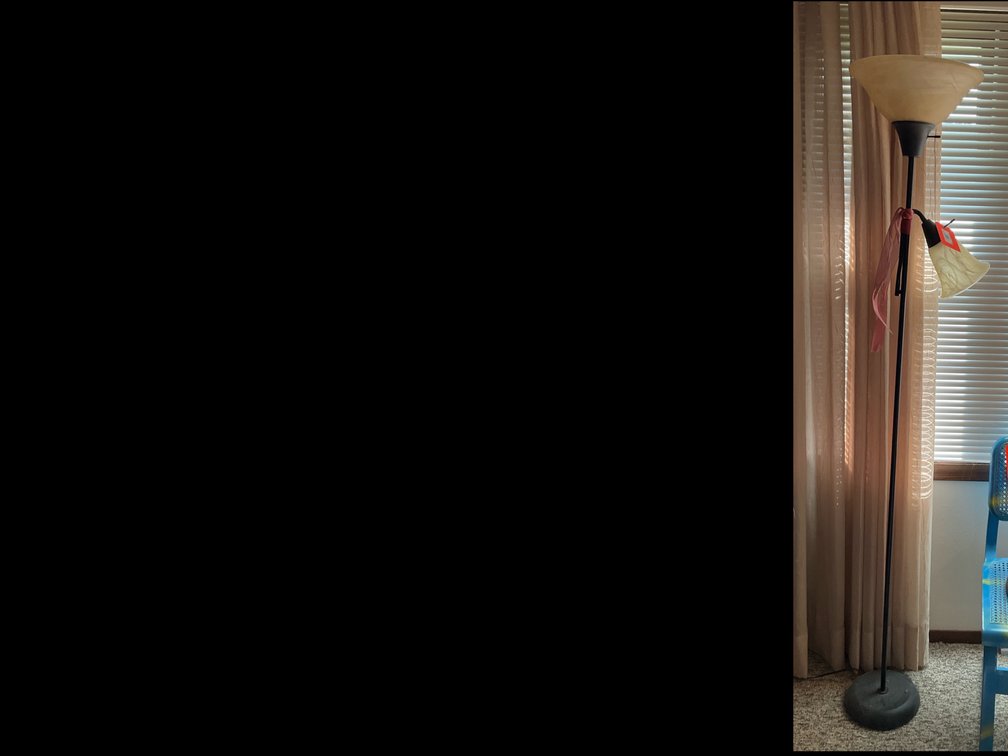 Torchiere floor lamp with reading light 71" tall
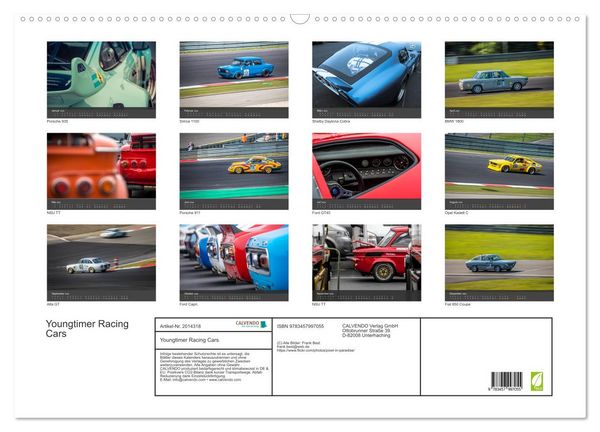 Produktbild: Youngtimer Racing Cars (Wandkalender 2026 DIN A2 quer), CALVENDO Monatskalender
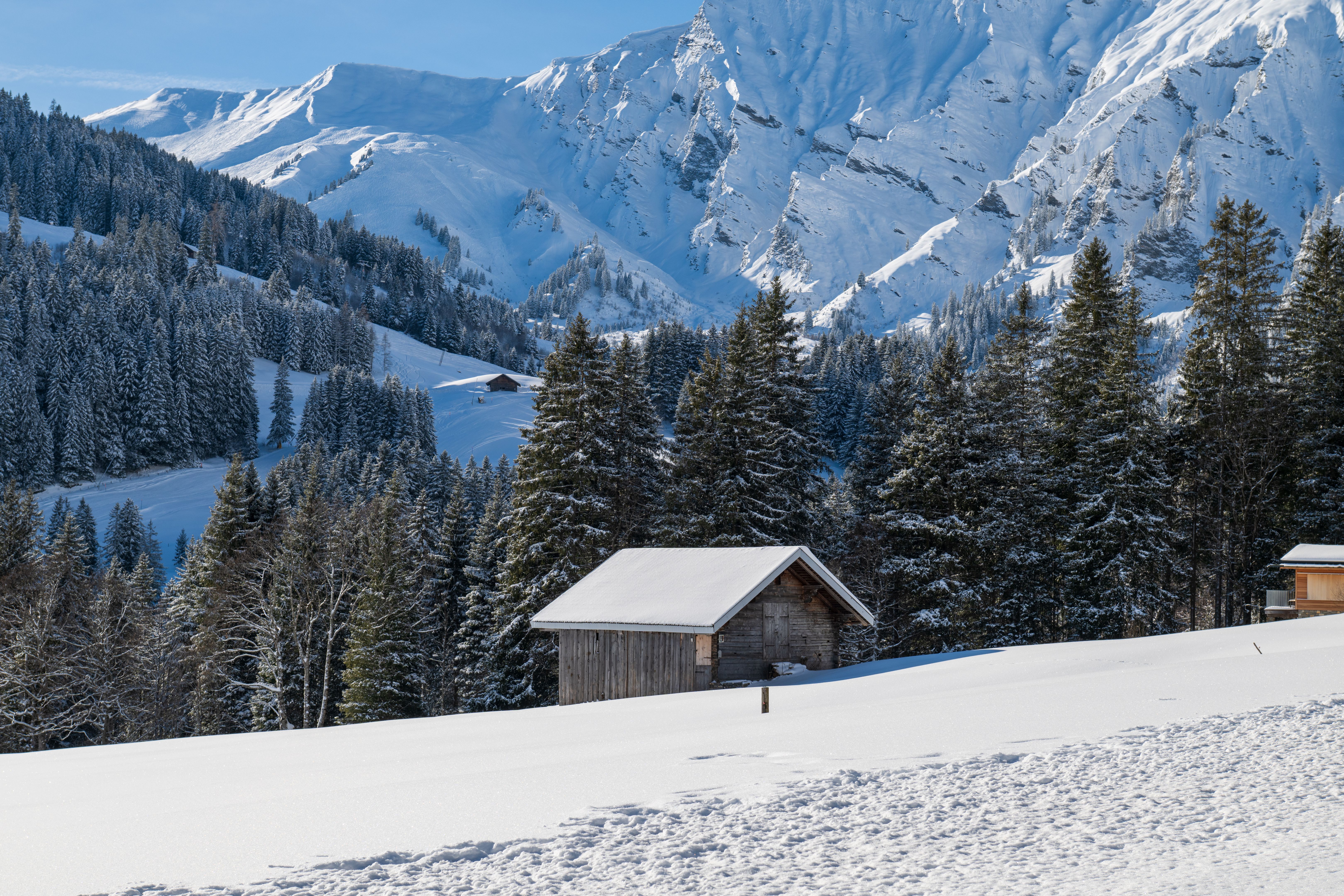swiss mountain cabin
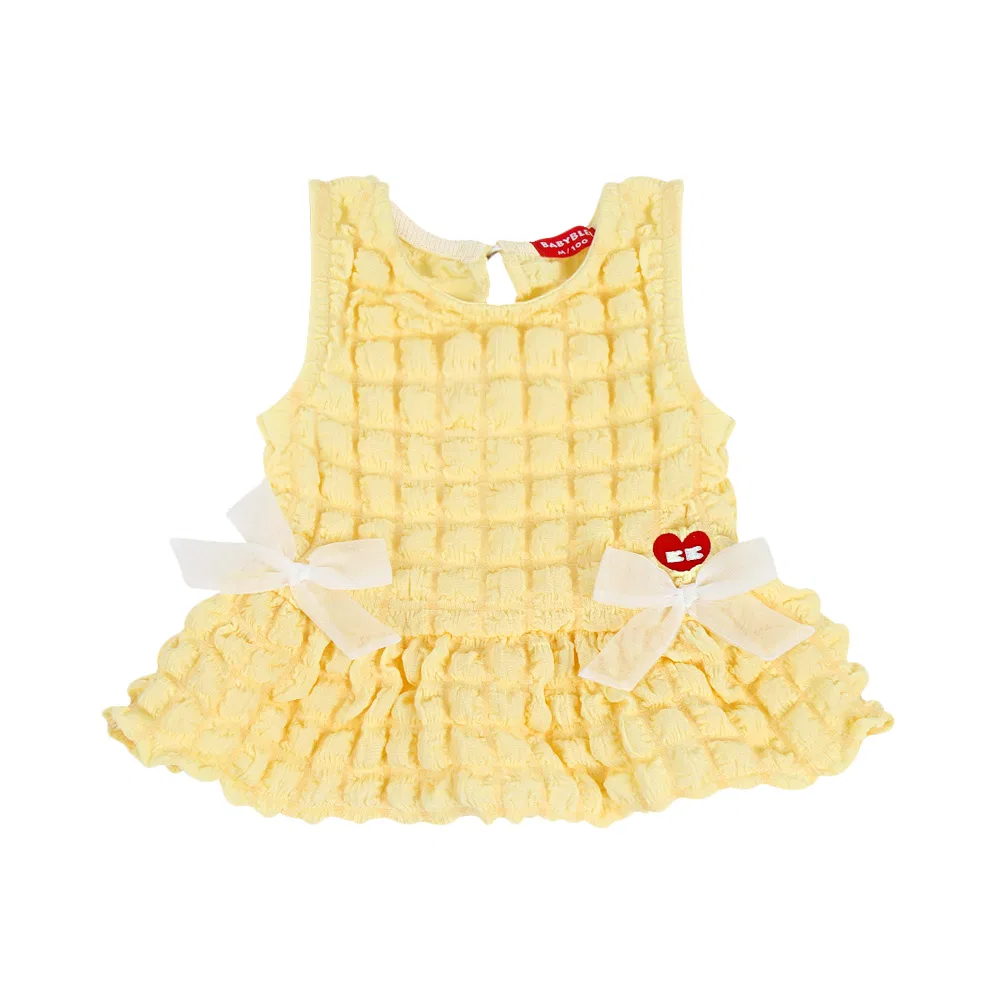 Детская блузка с длинным рукавомRibbon Farm Embossed BABYBLEE, Yellow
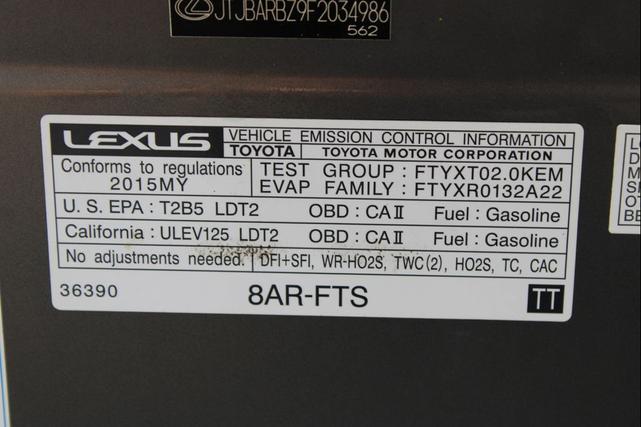 Photo of 2015 Nebula Gray Pearl Lexus NX 200t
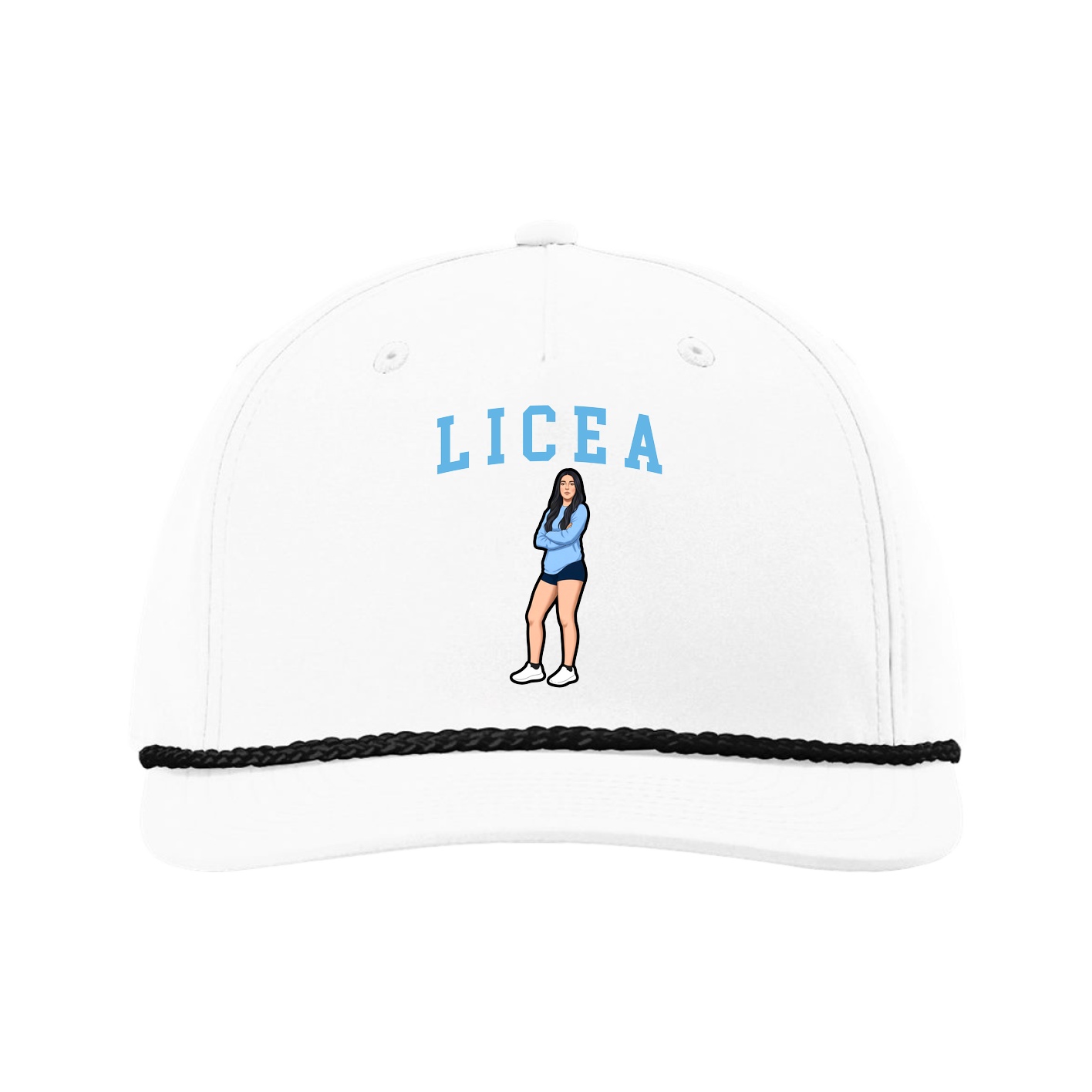Five-Panel Classic Rope Cap — Shirsey in White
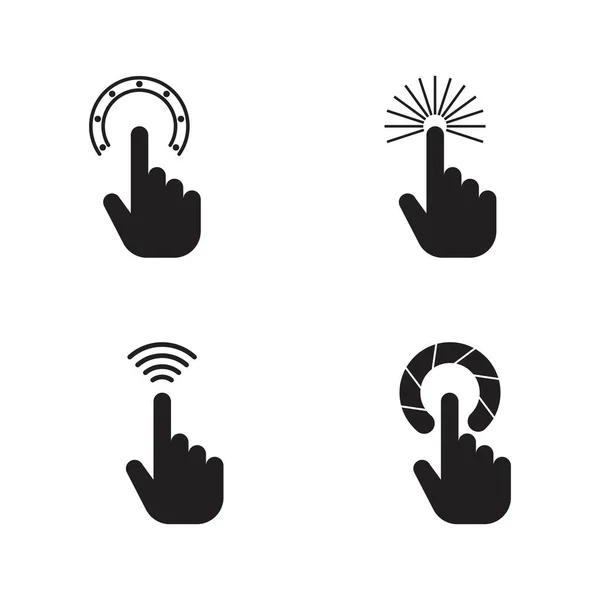 Hand Touch Vector Icon Design Illustration Vorlage — Stockvektor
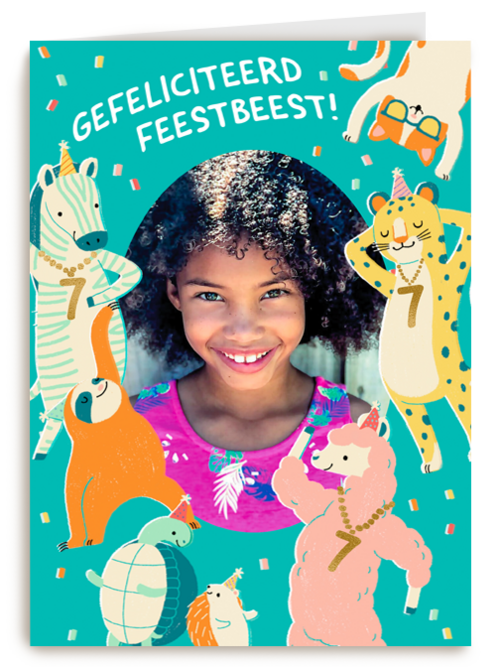 Gefeliciteerd Feestbeest 7 jaar
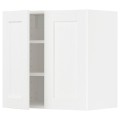 IKEA METOD МЕТОД Навесной шкаф с полками / 2 дверцы, белый Enköping / белый имитация дерева, 60x60 см 79473483 794.734.83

## Brief
Using the records above, copy exactly and only the lines from the line with "Hand Touch Vector" through the end, both included; leave every picture out.

## Your response
 Hand Touch Vector Icon Design Illustration Vorlage — Stockvektor
 Gefeliciteerd Feestbeest 7 jaar
 IKEA METOD МЕТОД Навесной шкаф с полками / 2 дверцы, белый Enköping / белый имитация дерева, 60x60 см 79473483 794.734.83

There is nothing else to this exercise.